Orada yenilmediysek, şanımız yaver gitti, demektir.

Hem içerde, hem Avrupa’da yüreğimiz hep ağzımızda, maçların bitiş düdüğü ile birlikte, derin nefes alma talimleri. Buna ligin son sırada yer alan 2-1’lik Adanaspor galibiyeti dahil.

Buna rağmen, ne içerde, ne Avrupa’da hiç yenilgisi olmadan yoluna devam ediyor.

Dinamo Kiev faciasına kadar.

O dramatik penaltı

Bu sonuçlara ve de özellikle son Fenerbahçe maçının verdiği alarma bakınca, Dinamo Kiev maçı ister istemez herkesi geriyor.

Ancak, orada yine de bir “güven” var.

Dinamo Kiev’in ağzıyla kuş tutsa, son maçta Avrupa’da artık hiç şansı yok.
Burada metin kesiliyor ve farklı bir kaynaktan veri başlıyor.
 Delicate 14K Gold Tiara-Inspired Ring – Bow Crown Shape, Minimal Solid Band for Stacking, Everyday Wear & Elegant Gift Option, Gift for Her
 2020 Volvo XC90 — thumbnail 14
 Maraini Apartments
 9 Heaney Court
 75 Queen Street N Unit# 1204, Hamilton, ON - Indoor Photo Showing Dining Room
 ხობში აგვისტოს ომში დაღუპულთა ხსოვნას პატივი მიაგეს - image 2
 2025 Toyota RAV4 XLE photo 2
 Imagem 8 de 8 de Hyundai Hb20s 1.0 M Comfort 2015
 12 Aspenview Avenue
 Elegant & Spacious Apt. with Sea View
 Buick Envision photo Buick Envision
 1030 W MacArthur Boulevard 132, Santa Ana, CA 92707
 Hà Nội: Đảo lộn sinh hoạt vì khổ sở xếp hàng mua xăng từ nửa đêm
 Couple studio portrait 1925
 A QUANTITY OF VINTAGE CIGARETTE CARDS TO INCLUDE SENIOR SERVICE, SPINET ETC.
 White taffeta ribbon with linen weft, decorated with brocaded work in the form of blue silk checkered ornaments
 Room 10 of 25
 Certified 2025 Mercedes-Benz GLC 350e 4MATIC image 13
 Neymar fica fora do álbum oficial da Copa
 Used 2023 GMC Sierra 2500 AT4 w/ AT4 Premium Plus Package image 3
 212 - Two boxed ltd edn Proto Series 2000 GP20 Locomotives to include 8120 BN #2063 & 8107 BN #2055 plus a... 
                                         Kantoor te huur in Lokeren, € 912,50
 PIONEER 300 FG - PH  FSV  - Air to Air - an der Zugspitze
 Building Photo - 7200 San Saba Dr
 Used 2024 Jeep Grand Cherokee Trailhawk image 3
Oynadığı beş maçın dördünü kaybetmiş, sadece İstanbul’da Beşiktaş’la berabere kalmış, sahaya “prestij” için çıkıyor.

Oysa, Beşiktaş çok büyük bir fırsatın eşiğinde, maddi ve manevi, kendisine ve Türk futboluna kazandıracağı puanlar açısından.

Yenilgi kimsenin aklına bile gelmiyor, “hayır, aklından kovmak istediği için değil”, güç dengesi, puan cetvelindeki durum, Beşiktaş’ın kazanması halinde önüne açılacak kapılar açısından.

Kaldı ki, grubun diğer iki güçlü takımına yenilmemiş, hatta  birini onların evinde devirmiş.

Bunlar Beşiktaş’ın kendine olan güveni ve artı puanları.

Güven ve artı puanlar öyle de, Kiev’de karşımıza hiç hesapta olmayan bir etken, bir hayalet çıkıyor. Avrupa’da dolaşan hayalet.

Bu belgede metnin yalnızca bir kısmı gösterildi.